Sorry folks CTU just shot herself.....3 yrs!!!


----------



## calvin (Jan 7, 2012)

hand me the gun please,my turn
_Posted via Mobile Device_


----------



## canttrustu (Feb 22, 2012)

calvin said:


> hand me the gun please,my turn
> _Posted via Mobile Device_


you'll have to pry it from my cold fingers Calvin. Sorry.

But ya know I saw on here where Beowolf(who is 20yrs post dday) had a trigger at the grocery store. So I think 3 years is probably a conservative estimate.


----------



## joe kidd (Feb 8, 2011)

This Sept will be 2 years. Sometimes D-day feels like yesterday.


----------



## calvin (Jan 7, 2012)

Great
_Posted via Mobile Device_


----------



## Amplexor (Feb 13, 2008)

calvin said:


> 3 years!? Oh wow!
> _Posted via Mobile Device_


Most marriages as badly damaged as mine take years to fully recover. The figure I generally see is 2 - 5 years, but I kept in mind that we were spiraling down for 7 or 8 years before D-Day. You don't bounce back from that in a matter of days or weeks and the sooner I accepted that the better off I was. That is why the word patience is in my signature line. But the R wasn't all hell either. There first few were really difficult but we got out of that panic and high anxiety mode and went on with other parts of our lives. Kids, work, home..... Don't let the time frame scare you, embrace it as part of the process. Who's to say how long yours will take, I'm only referencing mine.


----------



## canttrustu (Feb 22, 2012)

Fan-freakin-tastic news.....The gift that keeps on giving.


----------



## calvin (Jan 7, 2012)

Its been 9 weeks since the EA,they did meet up a few times,no nothing phsical,I figured I'd be well on my way by now...sucks.
_Posted via Mobile Device_


----------



## Amplexor (Feb 13, 2008)

I can unequivocally say that the R we reached was worth every minute of effort.


----------



## NextTimeAround (Dec 15, 2011)

Trying to make sense of what he said and what I know to be true.

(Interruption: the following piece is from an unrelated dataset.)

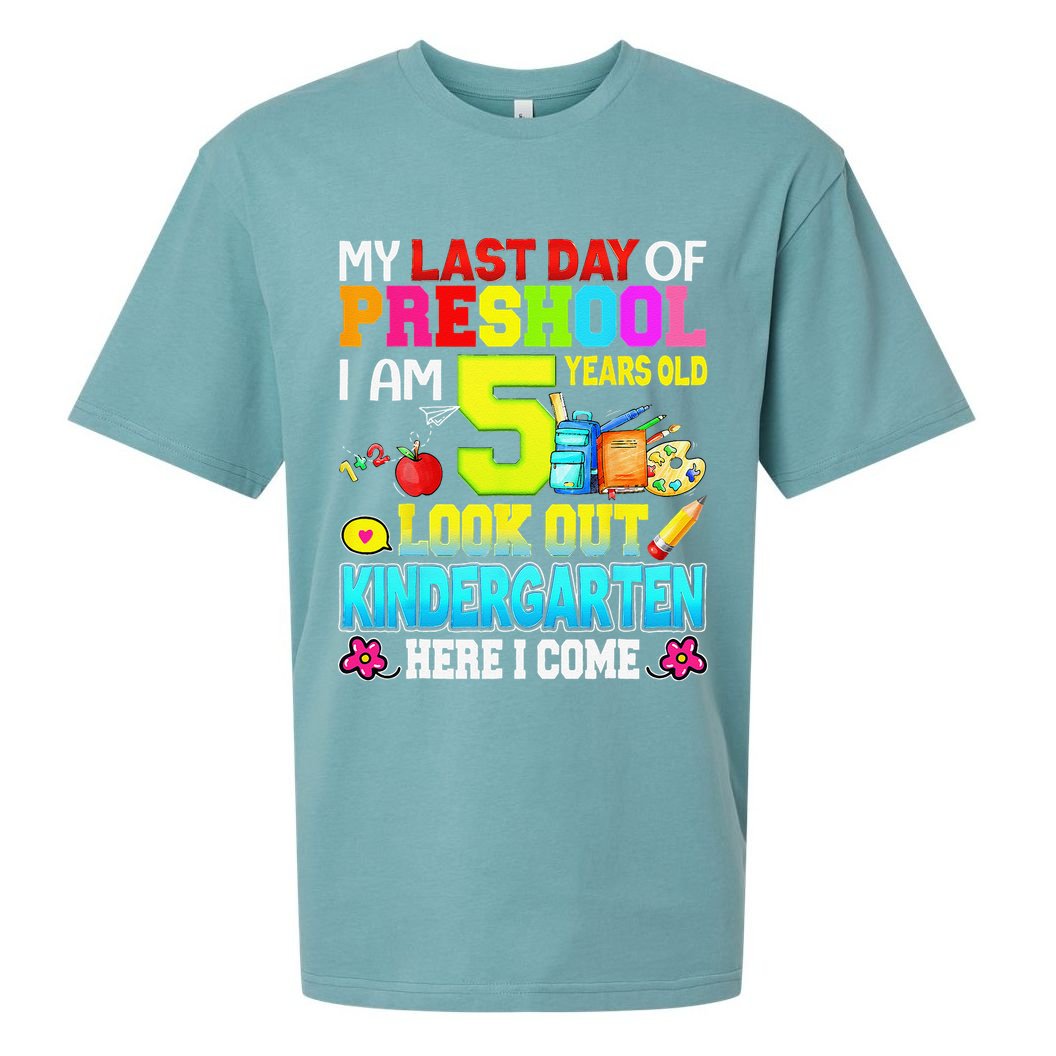 My Last Day Of Preschool Graduation Kindergarten Here I Come Sueded Cloud Jersey T-Shirt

HE says that he didn't find her sexually attractive, but he withheld sex from me. He said she was just a friend, but at certain key moments he dissed me and now I know he was with her, ie, the day I returned from a 3 week visit with my family. Knowing that for three months, the two of them talked about me; our sex life. I pointed out to him that I saw that she had once resvp'd for a meetup activity that I went to. What if she had cornered me before I even knew who she was.


----------



## joe kidd (Feb 8, 2011)

calvin said:


> Its been 9 weeks since the EA,they did meet up a few times,no nothing phsical,I figured I'd be well on my way by now...sucks.
> _Posted via Mobile Device_


You might be. There is no set time frame.


----------



## canttrustu (Feb 22, 2012)

calvin said:


> Its been 9 weeks since the EA,they did meet up a few times,no nothing phsical,I figured I'd be well on my way by now...sucks.
> _Posted via Mobile Device_


Thats about how far we are. End of January. i havent slept an entire night thru since. Not one.


----------



## CantSitStill (Feb 7, 2012)

Ok but maybe those who are working really hard at looking at eachothers needs and are also reading on here and reading books and are doing the marriage counseling will have an easier go at R??? Maybe like for some people it took longer because maybe one of the partners wasn't really trying or really 100 percent committed to working on their marriage? I'm looking for hope here..I love focusing on us and the bonding and wanna continue that forever but the part that worries me are the triggers. Also out of the blue sometimes it haunts me and fills me with so much guilt that my emotions are all over the place. Knowing that of course it's haunting and triggering Calvin way worse is scary. So back to the question...3 yrs? really?
_Posted via Mobile Device_


----------



## canttrustu (Feb 22, 2012)

CantSitStill said:


> Ok but maybe those who are working really hard at looking at eachothers needs and are also reading on here and reading books and are doing the marriage counseling will have an easier go at R??? Maybe like for some people it took longer because maybe one of the partners wasn't really trying or really 100 percent committed to working on their marriage? I'm looking for hope here..I love focusing on us and the bonding and wanna continue that forever but the part that worries me are the triggers. Also out of the blue sometimes it haunts me and fills me with so much guilt that my emotions are all over the place. Knowing that of course it's haunting and triggering Calvin way worse is scary. So back to the question...3 yrs? really?
> _Posted via Mobile Device_


*************bang bang*********


----------



## Amplexor (Feb 13, 2008)

CantSitStill said:


> Ok but maybe those who are working really hard at looking at eachothers needs and are also reading on here and reading books and are doing the marriage counseling will have an easier go at R??? Maybe like for some people it took longer because maybe one of the partners wasn't really trying or really 100 percent committed to working on their marriage? _Posted via Mobile Device_


I would say this is correct to some extent in our R. Initially my wife was not keen on recovery, but stayed in it for the kids, finances, stigma... But she wasn't fully committed to it like I was because she didn't have much hope it would get better. Also because at the time I didn't understand what an EA was it didn't end for quite some time so a lot of effort was just spinning my wheels. While many steps had to be taken on several fronts, until she ended it and emerged from the fog the the chances of R weren't very good. At a minimum, it delayed the process.


----------



## sigma1299 (May 26, 2011)

My wife and I are coming up on two years this August and it's still a work in process for us, but it's a vastly different process than it was a year ago. It levels out as time goes on and progress is made. The mountains become hills, the valleys become plateaus, and the triggers get father and fewer between (however their intensity is slower to fade). To me the important thing was and is to avoid rug sweeping just to reestablish comfort, to keep pushing each other to work on it and deal with it - to keep making progress. 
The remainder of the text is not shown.